AIM OF THE EXERCISE: In the listing below, find the line containing "BlackBörk Kahverengi V1" and the line containing "Bomber in lana Verde". Repeat exactly those two lines and every line between them, nothing more.

(DATA FOR THE TASK Opens)

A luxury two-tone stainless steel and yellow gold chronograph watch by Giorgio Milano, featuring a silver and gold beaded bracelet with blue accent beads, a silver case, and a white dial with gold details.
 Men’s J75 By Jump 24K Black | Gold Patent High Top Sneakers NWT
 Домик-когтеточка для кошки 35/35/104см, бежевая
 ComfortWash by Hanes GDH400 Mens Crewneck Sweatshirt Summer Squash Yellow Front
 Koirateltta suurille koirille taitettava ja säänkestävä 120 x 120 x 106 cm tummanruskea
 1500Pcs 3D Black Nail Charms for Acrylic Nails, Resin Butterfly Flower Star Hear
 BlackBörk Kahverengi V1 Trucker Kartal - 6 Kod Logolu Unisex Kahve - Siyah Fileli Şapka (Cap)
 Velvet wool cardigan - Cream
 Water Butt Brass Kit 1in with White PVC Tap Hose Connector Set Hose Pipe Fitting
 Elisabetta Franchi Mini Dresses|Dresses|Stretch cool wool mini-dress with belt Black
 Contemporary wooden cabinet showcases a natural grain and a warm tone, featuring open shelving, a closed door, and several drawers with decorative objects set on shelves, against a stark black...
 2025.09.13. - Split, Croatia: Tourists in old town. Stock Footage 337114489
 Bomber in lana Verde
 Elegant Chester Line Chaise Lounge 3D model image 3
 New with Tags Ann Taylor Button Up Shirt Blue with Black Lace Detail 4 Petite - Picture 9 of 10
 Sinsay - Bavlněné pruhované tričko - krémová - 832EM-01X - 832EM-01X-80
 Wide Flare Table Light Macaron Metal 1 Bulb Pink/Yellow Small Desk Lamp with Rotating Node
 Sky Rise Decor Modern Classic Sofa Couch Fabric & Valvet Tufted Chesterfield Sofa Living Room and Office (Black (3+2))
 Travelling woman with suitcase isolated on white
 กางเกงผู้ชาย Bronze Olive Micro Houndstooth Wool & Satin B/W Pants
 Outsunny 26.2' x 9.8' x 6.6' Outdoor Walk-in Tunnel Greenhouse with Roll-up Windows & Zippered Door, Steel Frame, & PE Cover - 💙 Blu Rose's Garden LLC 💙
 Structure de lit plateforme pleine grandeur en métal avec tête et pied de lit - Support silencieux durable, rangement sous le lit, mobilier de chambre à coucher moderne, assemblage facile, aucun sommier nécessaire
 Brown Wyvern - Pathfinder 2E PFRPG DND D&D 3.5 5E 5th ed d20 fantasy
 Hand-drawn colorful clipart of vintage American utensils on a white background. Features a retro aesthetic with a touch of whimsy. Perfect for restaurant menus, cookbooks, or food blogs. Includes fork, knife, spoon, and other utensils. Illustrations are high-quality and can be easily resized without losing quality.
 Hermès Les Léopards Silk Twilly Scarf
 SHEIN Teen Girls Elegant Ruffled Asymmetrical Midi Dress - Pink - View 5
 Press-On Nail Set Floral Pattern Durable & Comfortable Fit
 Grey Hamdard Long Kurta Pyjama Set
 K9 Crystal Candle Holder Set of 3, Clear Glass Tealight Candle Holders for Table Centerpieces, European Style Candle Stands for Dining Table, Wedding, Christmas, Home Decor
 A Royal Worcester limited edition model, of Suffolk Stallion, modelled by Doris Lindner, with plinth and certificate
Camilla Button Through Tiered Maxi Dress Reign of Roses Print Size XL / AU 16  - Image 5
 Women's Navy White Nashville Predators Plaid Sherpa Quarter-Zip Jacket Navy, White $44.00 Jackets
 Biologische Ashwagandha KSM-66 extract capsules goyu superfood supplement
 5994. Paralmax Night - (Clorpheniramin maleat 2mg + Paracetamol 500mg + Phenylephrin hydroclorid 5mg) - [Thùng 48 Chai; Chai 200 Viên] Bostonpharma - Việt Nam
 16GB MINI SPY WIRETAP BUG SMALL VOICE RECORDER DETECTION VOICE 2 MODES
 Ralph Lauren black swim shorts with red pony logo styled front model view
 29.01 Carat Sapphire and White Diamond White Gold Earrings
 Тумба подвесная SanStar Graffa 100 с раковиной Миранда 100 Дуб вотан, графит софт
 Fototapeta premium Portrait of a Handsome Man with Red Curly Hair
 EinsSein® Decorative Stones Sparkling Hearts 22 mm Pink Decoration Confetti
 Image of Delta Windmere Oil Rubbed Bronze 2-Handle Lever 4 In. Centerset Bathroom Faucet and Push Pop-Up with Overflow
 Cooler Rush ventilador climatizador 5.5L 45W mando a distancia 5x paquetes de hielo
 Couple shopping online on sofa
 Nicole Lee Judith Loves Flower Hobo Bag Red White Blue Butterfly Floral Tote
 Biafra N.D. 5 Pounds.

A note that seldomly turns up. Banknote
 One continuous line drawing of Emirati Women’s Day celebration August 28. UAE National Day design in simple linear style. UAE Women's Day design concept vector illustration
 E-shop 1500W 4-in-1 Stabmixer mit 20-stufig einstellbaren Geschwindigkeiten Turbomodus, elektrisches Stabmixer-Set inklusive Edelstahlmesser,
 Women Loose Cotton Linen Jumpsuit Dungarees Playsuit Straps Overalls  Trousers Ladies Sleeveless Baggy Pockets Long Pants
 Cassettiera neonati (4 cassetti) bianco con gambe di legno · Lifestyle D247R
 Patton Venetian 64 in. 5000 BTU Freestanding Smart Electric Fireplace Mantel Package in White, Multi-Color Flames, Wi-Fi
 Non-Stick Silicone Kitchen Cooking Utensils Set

(DATA FOR THE TASK Closes)

WRITTEN REPLY:
 BlackBörk Kahverengi V1 Trucker Kartal - 6 Kod Logolu Unisex Kahve - Siyah Fileli Şapka (Cap)
 Velvet wool cardigan - Cream
 Water Butt Brass Kit 1in with White PVC Tap Hose Connector Set Hose Pipe Fitting
 Elisabetta Franchi Mini Dresses|Dresses|Stretch cool wool mini-dress with belt Black
 Contemporary wooden cabinet showcases a natural grain and a warm tone, featuring open shelving, a closed door, and several drawers with decorative objects set on shelves, against a stark black...
 2025.09.13. - Split, Croatia: Tourists in old town. Stock Footage 337114489
 Bomber in lana Verde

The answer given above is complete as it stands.